I wasn't born in West Philly and I'm definitely not a famous rapper or actor but a lot of this story resonated with me. It was inspiring to hear Smith reflect in his own words on his life. Both to tell the story as he experienced it at the time and at a time to add the lens of what he has learned since then.
This is definitely one of those Better on Audio books. Smith narrates the book himself, he produces it with music and sound effects. It feels earnest. He is arguably one of the best actors in history. In the story, he pours all of his years of being an entertainer and does an incredible job of portraying the different sides and stories of Will Smith.
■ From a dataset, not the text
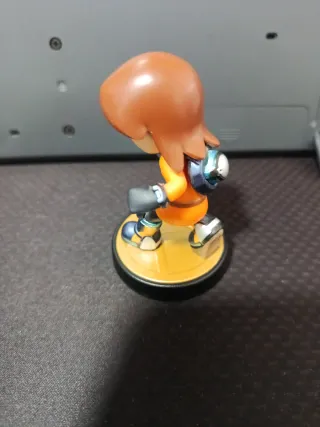 Figura Amiibo Nintendo Mii
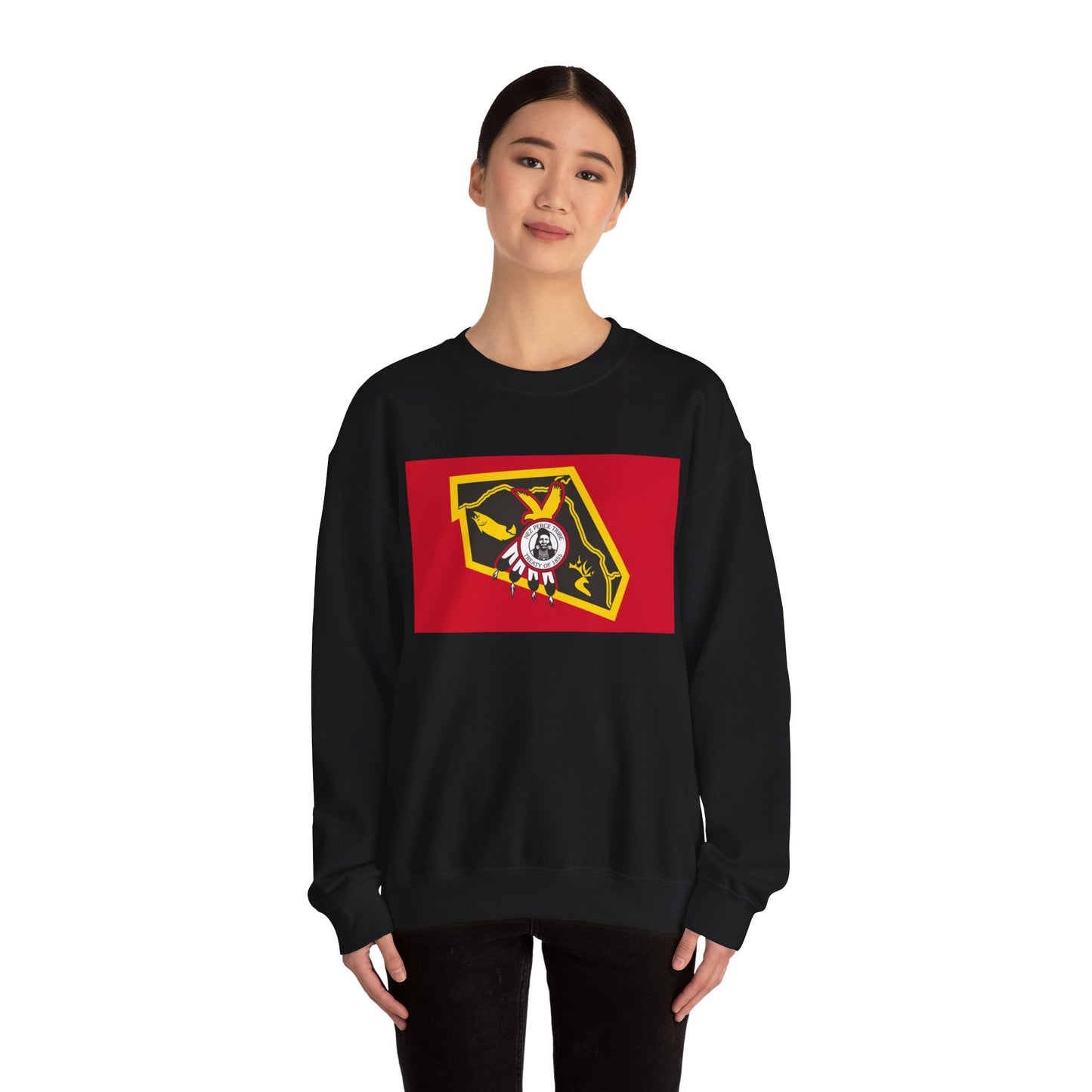 Nez Perce Sweatshirt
There is a fair amount of acknowledgment of his many acting accolades. However, I appreciate that he uses it as a moment to reflect on how the same principles of discipline and order that drove his career to its pinnacle also prevented him from recognizing his own or anyone else's feelings. If you have struggled with people-pleasing or perfectionism, I think that you would find a lot in this story that resonates with you as well. Mark Manson was the co-author of this book and it comes packed with a lot of the wisdom and humor he included in his other books like The Subtle Art of Not Giving a Fuck.
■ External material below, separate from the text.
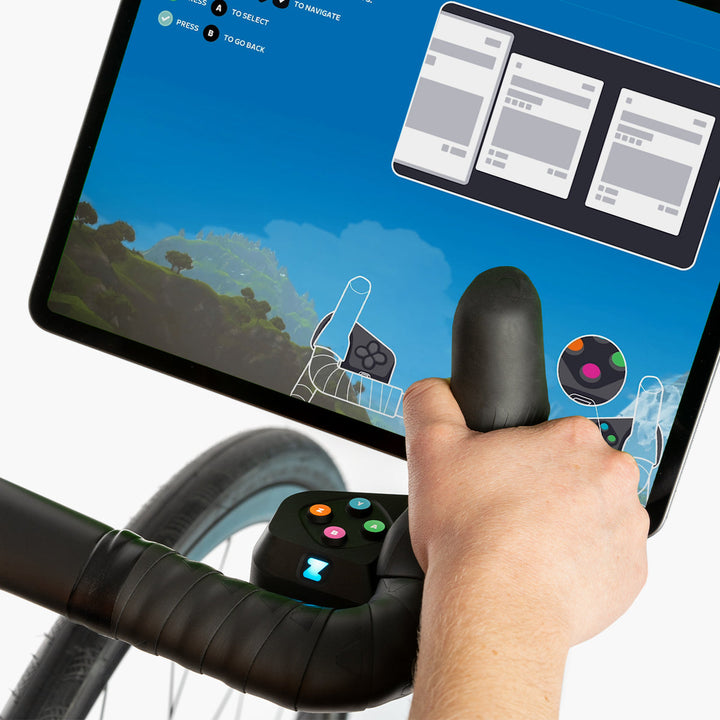 Zwift Play - Mackay Cycles - [product_SKU] - Zwift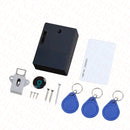 NAIERDI Invisible Sensor Lock EMID IC Card Drawer Digital Cabinet Intelligent Electronic Locks For Wardrobe Furniture Hardware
Ultimately it feels like a love story to all the people who helped form Smith into who he is today. One of the most heartwarming aspects of Smith's story is that the friends that he surrounded himself with at the start of his career were still the people by his side over thirty years later.
Overall, I really liked this one. I found myself laughing and crying and celebrating and laughing. I was surprised by how deep and applicable it was. I learned a few new things about his career. Overall, I really enjoyed the story and Smith's performance was a knockout.
Since I read this during the Oscars though, it does make me wonder what the Smith who wrote the book would say to the one who smacked Chris Rock?